What does it matter, when clocks switch? That's a one time event.
The boot code is different and there is nothing which requires the
availability of that interface in the early boot process.
> If I for instance, just return clocksource_jiffies until the system is
> fully booted then any thing that got a clock early, even during part of
> device_initcall, would end up switching to a new clock when boot up
> finished. I think that was acceptable when just timekeeping might have
> been using the interface, but I don't know that it would scale well from
> 1 to 2 to 5 users of the interface. Then you would have several clock
> switches happened after boot up .
What are the 5 users of that interface ?
There is one existing user, one artifical you try to create for
sched_clock and some handwaving about instrumentation. Even when we have
5 users, then the switching of clocks does not matter anything. This
happens the same way, when I load the highest rated clock source as a
module during init.
> > I suspect it might actually cause more shuffling, as some clocksources
> > (well, just the TSC, really.. its such a pain...) are not disqualified
> > until later because we don't know if the system will enter C3, or change
> > cpufreq, etc.. By waiting longer, we increase the chance that those
> > disqualifying actions will occur before we install it.
>
> This is something I've struggled with, but it's still and issue with the
> current code to a lesser degree. Like cpufreq isn't likely to be used
> during bootup, but acpi sleep states might be..
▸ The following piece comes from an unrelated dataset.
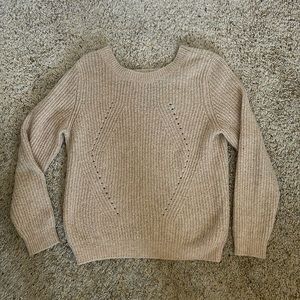 Light rose colored sweater with partially open back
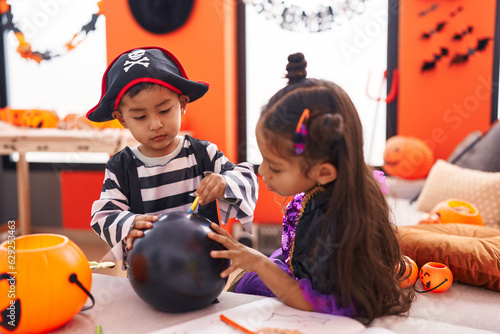 Adorable boy and girl having halloween party drawing on balloon at home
Lesser degree ? You have an issue, which was not there before you made
the changes. This is simply regression and the ignoring of that
regression is wilful breakage.
> The current code can be classified as avoiding shuffle, but not
> eliminating it. Like with the acpi_pm timer, I was thinking I'd just put
> it back into device_initcall and assume shuffling might happen in rare
> cases.
Great. We install TSC in early boot and pmtimer in late boot. Now we
have the fun of unsynced TSCs and time going backwards again, until we
get pmtimer loaded. I have explained it to you already, but that is the
reason why that stuff was moved into late boot.
Also you have not yet once given an explanation other than the "magic
churn", why this is necessary. There is no churn. The clocksource layer
is designed to allow the replacement of clock sources and it does not
hurt at all. It does also not matter if there are 1 ore 100 users.